Amerikanische Talker wie Ellen DeGeneres und David Letterman haben längst aufgehört, sie mit Standardfragen zu wechselnden Haarfarben und Romanzen zu langweilen (Lawrence soll sich vor vier Wochen von dem britischen Darsteller Nicholas Hoult getrennt haben). Doch wie einst in Kentucky, wo die Herausgeber des Schuljahrbuchs die damals 13-Jährige zur „mitteilsamsten Schülerin“ wählten, nimmt sie auch in Los Angeles kein Blatt vor den Mund. „Hollywoods Königin der klaren Ansage“ redet Tacheles.

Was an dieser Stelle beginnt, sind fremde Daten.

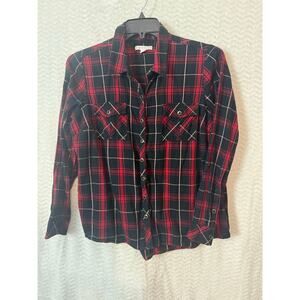 Red and Black plaid button-down shirt with silver, Size L Westport 1962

Als Lawrence nach dem Golden Globe für „Silver Linings“ in Anspielung auf die ebenfalls nominierte Meryl Streep ein ­selbst­bewusstes „Ich habe Meryl geschlagen!“ von der Bühne rief, brach ob der vermeintlichen Respektlosigkeit umgehend ein Twitter-Sturm los. Doch Lawrence stellte bei Letterman beherzt klar: „Das war ein Zitat aus einem Film, Ihr Idioten!“.

Nicht zuletzt dank der von Lawrence so überzeugend verkörperten Rollen prophezeien Beobachter inzwischen eine Renaissance der frauengesteuerten Filme. Nachdem in Hollywood Produktionen mit starken Hauptdarstellerinnen seit den 1960er Jahren auffällig rar geworden sind, verheißen Filme wie „Brautalarm“, „Die Tribute von Panem“ oder das Südstaaten-Drama „Beasts of the Southern Wild“ eine Trendwende. Jennifer Lawrence Tage als Einzelkämpferin des roten Teppichs könnten gezählt sein.